Daily usage events log not loading into db

jhennig · November 10, 2025, 9:31pm

Hi,
We have OJS 3.5.0.1 running as a test instance and I have noticed that the usageStats/usageEventLogs files keep piling up. My understanding is that they should be processed into the database and go into the usageStats/archive folder

I have the task runner and job runner turned on:
job_runner = On
task_runner = On

I have tried manually running php lib/pkp/tools/scheduler.php run

but I just get:
2025-11-10 11:35:45 Running [PKP\task\ProcessQueueJobs] … 10.30ms DONE
Also when I run:
php lib/pkp/tools/jobs.php list
I get:
[WARNING] We have 0 queued jobs

I have successfully reprocessed older files by moving them to the stage folder and running
php lib/pkp/tools/reprocessUsageStatsMonth.php YYYYMM
php lib/pkp/tools/jobs.php work

So I know that part works.

When I run:
php lib/pkp/tools/scheduler.php list

I get a list of various tasks which include:
0 0 * * * APP\tasks\UsageStatsLoader … Next Due: 2 hours from now

I’m thinking that there should be a job the goes into the queue triggered by a user http request and when that queue is processed the usageEventLogs would be processed. So I think the problem is getting a the job to process the usageEventLogs into the queue, as the “jobs.php work” command seems to work fine.

Or am I completely misunderstanding the process?

Thanks
Jeremy

dwm · November 11, 2025, 2:54am

I’ll let the experts weigh on, but I wanted to raise that I also noticed a statistical issue after moving to 3.5.

I’ve been working the last few weeks on understanding what happened. I’m worried something is wrong with the institutional stats compiler and I’ve been trying to verify things against access logs and database backups both pre and post my update to 3.5. I can’t say whether it was a problem with the mysql dump and restore or attempting to reprocess, which occured during overlapping work periods in late August-present for me.

I was pulling counter records last month when it became very clear that the records were no longer accurate. I’ve reverted and made other actions to get things fixed, especially since the reprocesser doesn’t back up the tables before it attempts to reprocess. This is key because if you have moved items from the archive file to restage them and they fail, your stats are still gone. [To me this feels unwise given that we don’t have amazing tools to judge the outcome IF you run a multi-installation. The in-built counter stat report tool is still broken.]

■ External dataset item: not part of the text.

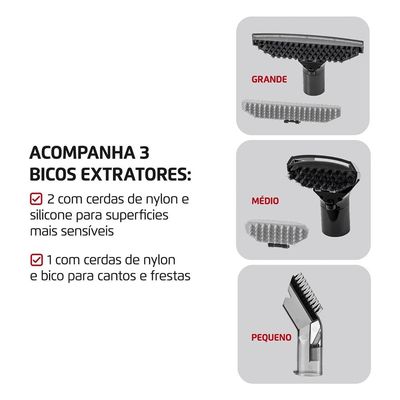 Extratora e Higienizadora Portátil Mondial Deep Cleaner Preto com Vermelho / 220V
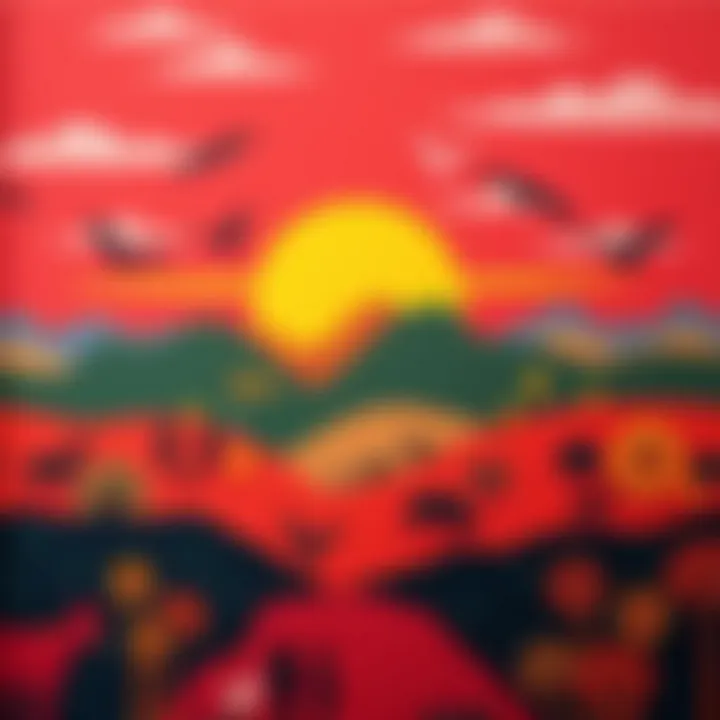 Illustration of diverse cultural patterns and South African landscape with symbols of inclusivity and acceptance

While investigating, I slightly modified things with additional logic to prevent unfound issues, articles, and submissions that may have been deleted or permanently moved from causing a sea of foreign key errors. The processor can really get jammed on an entire historical log of these as it checks and rechecks for things that your database can’t provide. For 60-80k entries per day, let’s say three times each, all month long.

So if you get one stuck in your queue, jobs can backup and fail. If you don’t spot it quickly and your backups aren’t solid, then you can easily lose data, I think. This is especially true the larger your installation. Not sure if ours qualifies, but we run a multi installation with dozens of journals each with plenty of institutional subscribers. I suspect as the access logs cycled out and additional new statiscs were waiting to compile and couldn’t be added to their final tables, the temp tables grew so large that it couldn’t overcome timing out on its queries. I don’t know if this is a batching problem or maybe concurrency, but the reprocessing script can be a real pain if the logs have too many issues or there are too many items in the temporary tables.

I want to mention a few things about how to track these issues. Baby steps for me! When you run reprocessUsageStatsMonth.php, it does a bunch of things, but one that is easy to see is this: files get picked up by that script. You can use something simple like this to refresh the directories as it goes:
watch -n 5 "ls /var/www/ojs/files/usageStats/stage/*.log 2>/dev/null | wc -l; echo '---'; ls /var/www/ojs/files/usageStats/dispatch/*.log 2>/dev/null | wc -l; echo '---'; ls /var/www/ojs/files/usageStats/archive/*.log 2>/dev/null | wc -l"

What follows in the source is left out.